Sharlet tried to pray for unity and peace, but felt as if the world, specifically Benji and Audra, had undermined her prayer. How could she pray for unity when he was tearing them apart? How could she find peace when her family was being tossed across the solar system?
Then she heard the bell, the bell from Hiroshima that had rung at 4:15 pm, when the bomb dropped. They rang it again here. A clear sound. A sound of going away. Of launching. Of disappearances. Of sudden goodbyes. Of no goodbyes. It startled her, gripped her, as if her son were leaving right then.
They brought out the mandala then—a beautiful sand painting of blue and orange and startling green, fragile, easy to blow away. The monks who had crafted it invited people to come up now and destroy it.
Many walked up, and with a hundred fingers they carved swaths of themselves across the sand, ruining the beautiful design. The destruction of such beauty was supposed to bring home the price of violence, the pledge for peace. Today, though, it felt as if those fingers had pushed into her heart. She could see the back of Naia, her hand enveloped in the bodies of others, her fingers no doubt clawing through the bright sand. Her fawn looked lost without her, backed away from the crowd and looked around.
Looked at Sharlet.
For a moment, this creature, not really there, studied her, with an expression of so much loss that Sharlet wanted to hold it. But she was sure the fawn would shiver, and when her own hands passed through the deer, she might shiver, too.
>?
After the ceremony was over and the sand mixed together, placed
in a bottle, and given to the great, great, great grandson of Sadako’s brother, Audra gathered Naia and Benji together.
But Sharlet wanted to see what was left of the mandala. She walked up after the crowds dispersed and saw what remained: tiny grains of green sand; crumbs on a brown board, on a brown table, in the sun. She ran her finger down the front of the board, just in case a bit of sand might have clung to it. He’s taking all the beautiful things with him.
Her heart felt like it dropped into a well. Her eyes blurred with tears as she looked down at the erased mandala.
Then something flapped in front of her face. She looked up. In the air around her were a thousand paper cranes flying, their bright colours like a reconstructed mandala in the air. They begged for her, it seemed, to come to them.

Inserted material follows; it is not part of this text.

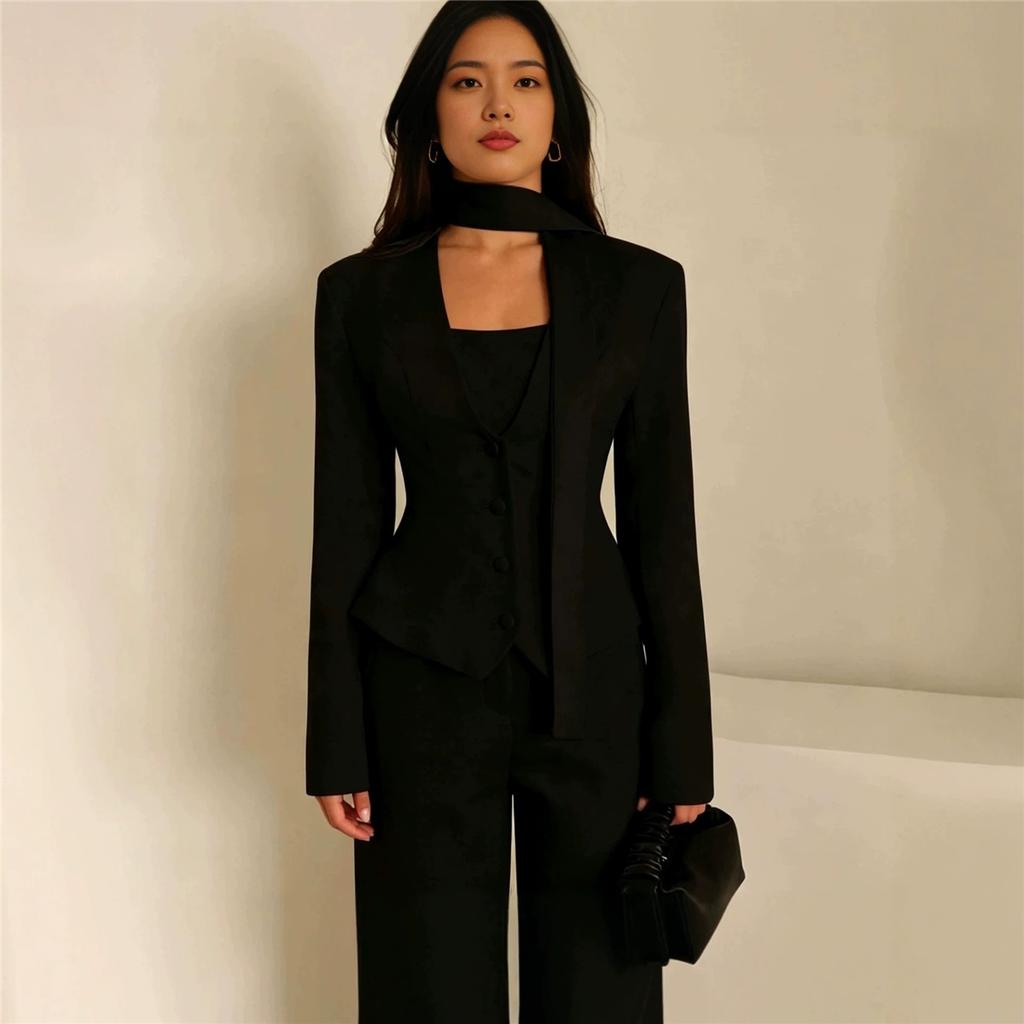 Damen V-Ausschnitt Schlanker Blazer Mit Schal-Dekoration Langarm Einfarbig Elegant Büro Geschäftsanzug Jacke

“I think I got the whole service!” Benji said from way behind her as the cranes rose.
Could he take the service back to where the mandala was whole again? She turned to look at them, across the terra cotta courtyard, a surface the colour of Martian sand. All she’d known was Little Tokyo. Raised here. Married here. Buried her husband here. Her family was all she had left.
The cranes surrounded Naia.
“Naia,” Benji called from outside the colourful whirlwind, “don’t touch them. I’m trying to capture you for Gramma. So she can have you to play with.”
Like a fawn she couldn’t touch.
Would she rather have a holographic granddaughter, or a holographic city?
She could hear something like a bell in the distance.
The cranes flew to her now, surrounded her in a breeze.
“And now you, Momma. Hold still,” Benji said.
“Non’t be scared, Gramma,” Naia called.
A whirlwind of origami birds snapping pictures, scanning her, recreating her like the fingers of the crowd to the mandala. Don’t take it all away, all of this. A flock of paper flew between her and her family, and she tried to stay still, but they were like insects and she raised her hands to swat them away.